Despite a forecast to the contrary, heavy drizzle greeted us again on Sunday morning. Today we were heading into the clouds to look for Victorin's warbler. Driving towards Lady Slipper Nature Reserve, we saw Cape siskin, Forest buzzard, Red-necked spurfowl, Bokmakierie, Black saw-wing and Yellow bishop. By the time we stopped at the gate, we were completely socked in and we could barely see twenty metres. However, just 50m from where we left the car, we heard our first Victorin's warbler. It was impossible to see though and we moved higher up on the mountain, eventually walking all the way to the summit. Although it didn't rain, it was cold, windy and thick with fog. As we descended, the heavy fog slowly started to lift and when we reached the spot where we first heard the warbler, we could occasionally see the valley below us. Again we heard Victorin's warblers calling, but this time it was right up against the road and we followed the calls as they moved. After about ten minutes I finally got a nice view and five minutes later, Nicola also got good views. And then suddenly, the pair, possibly even three warblers, came out into the open, calling incessantly, and gave us the best possible views we could hope for! They were incredibly restless though and photographing one was kind of impossible. With five lifers in the bag for the weekend, we basically had our fill but we were still going to try and find Knysna woodpecker at Settler's Park. It was past noon when we arrive at Settler's, the heavy morning overcast had gone and it was a pleasant afternoon. A Black sparrowhawk flew past as we entered the park and numerous Fiscal flycatchers and various sunbirds flitted about the flowering Erythrinas. Throughout the park, but especially along the shadier stream at the bottom, we scanned every tree, tapped on dead trunks and listened carefully, but there was nothing. It looked like it was just too late in the day to hope for the woodpecker. We returned to the car for a late lunch before a last-ditch effort on the other side of the park also revealed nothing. Dr Martin drove us back to our guesthouse (they kindly allowed us a late check-out) and just before 4pm we left for the airport and an uneventful flight home.

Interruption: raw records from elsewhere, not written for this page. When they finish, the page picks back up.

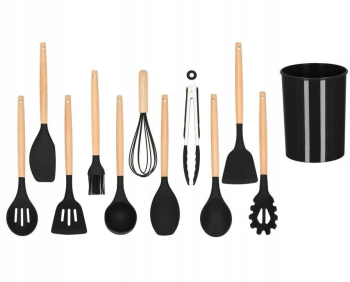 Set ustensile  bucatarie silicon si bambus negru 12 piese Springos 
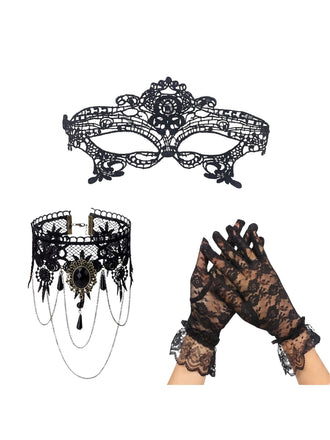 3PCS Set Maschera Nero Gotico Nero in Pizzo da Masquerade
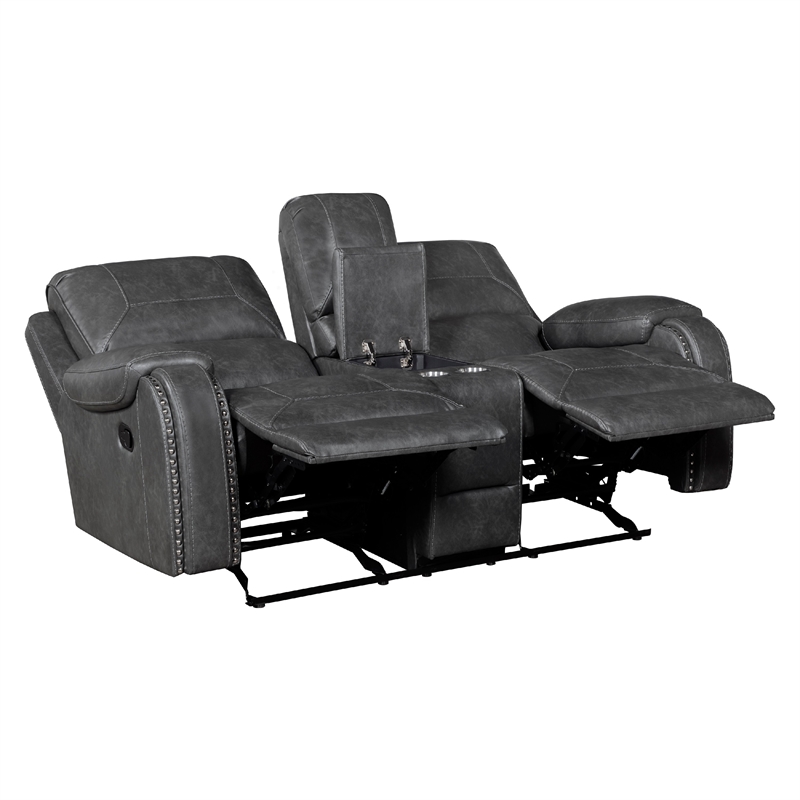 Dean Reclining Loveseat- Pillow Tufted Gray Faux Leather 76 Inch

We dipped on the woodpecker but I can't say that I'm disappointed at all. I knew the terrestrial birds were going to be very hard and the terns could've been a hit and miss thing. But we bagged FIVE out of a possible six lifers and are simply ecstatic! Again, Dr Martin was as capable a guide as you can imagine and went out of his way to help us find our target birds, prepared scrumptious lunches and snacks and even cleaned the car on Saturday night after we trampled it full of mud. And on top of that he's got a wealth of information about birds, flowers, trees and other plants, geology, hydrology, history and almost anything else you can think of. What a pleasurable weekend!